Input data ▸
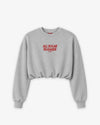 Cropped Crewneck Girls - All Sugar No Daddy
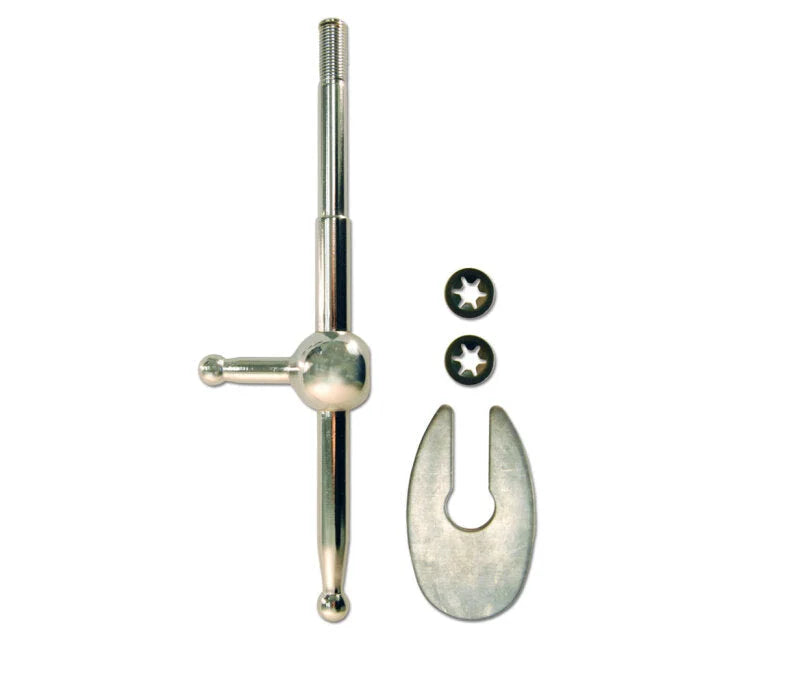Fidanza 94-99 Toyota Celica Short Throw Shifter - Side View
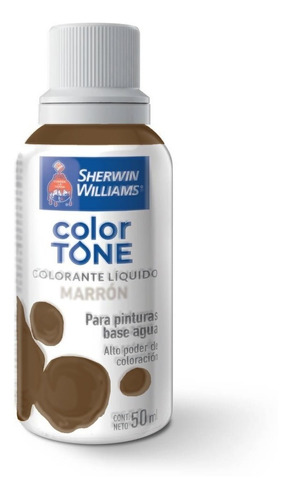 Color Tone Tinta Base Agua Latex Sherwin Williams | Gran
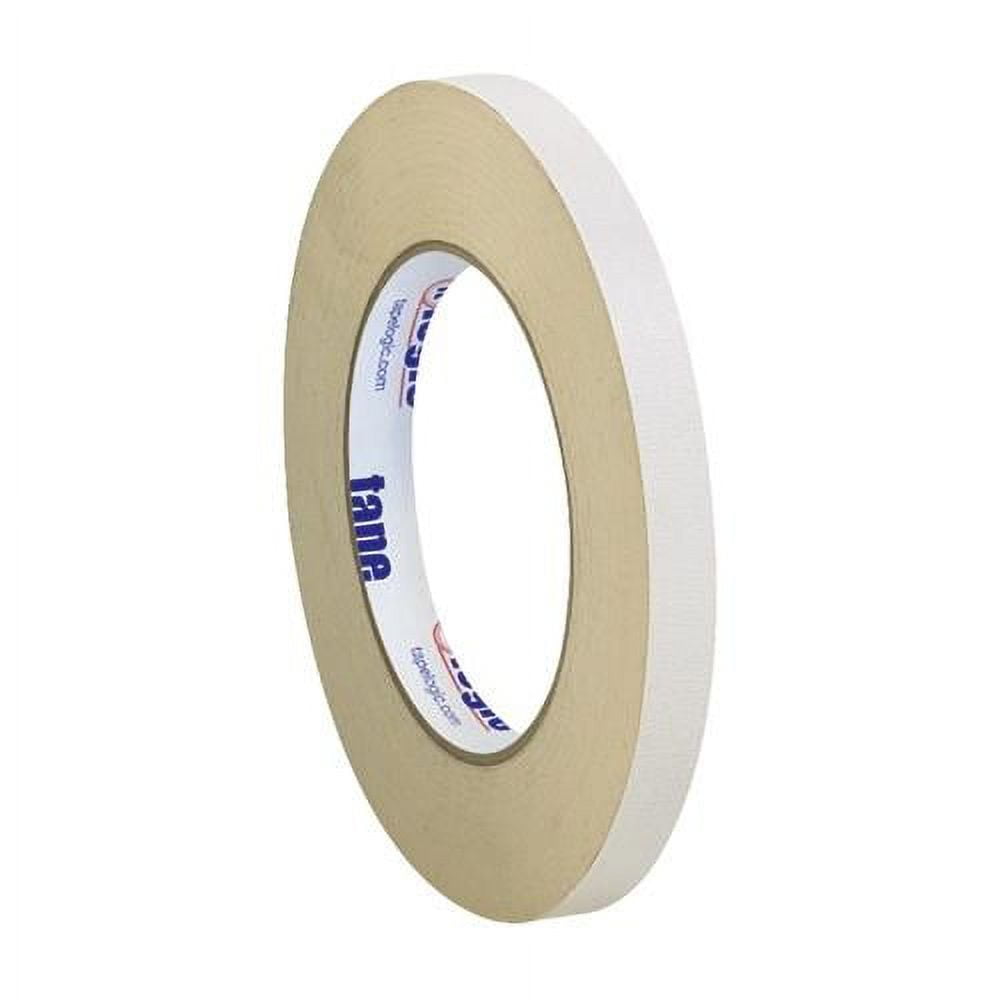 Tape Logic Double Sided Masking Tape 1/2" X 36 Yard Roll (72 Roll/Case)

Task statement ▸ Please, leaving out all pictures, transcribe exactly the lines above from the one containing "Color Tone Tinta" through the final line, both included.

Exercise answer ▸
 Color Tone Tinta Base Agua Latex Sherwin Williams | Gran
 Tape Logic Double Sided Masking Tape 1/2" X 36 Yard Roll (72 Roll/Case)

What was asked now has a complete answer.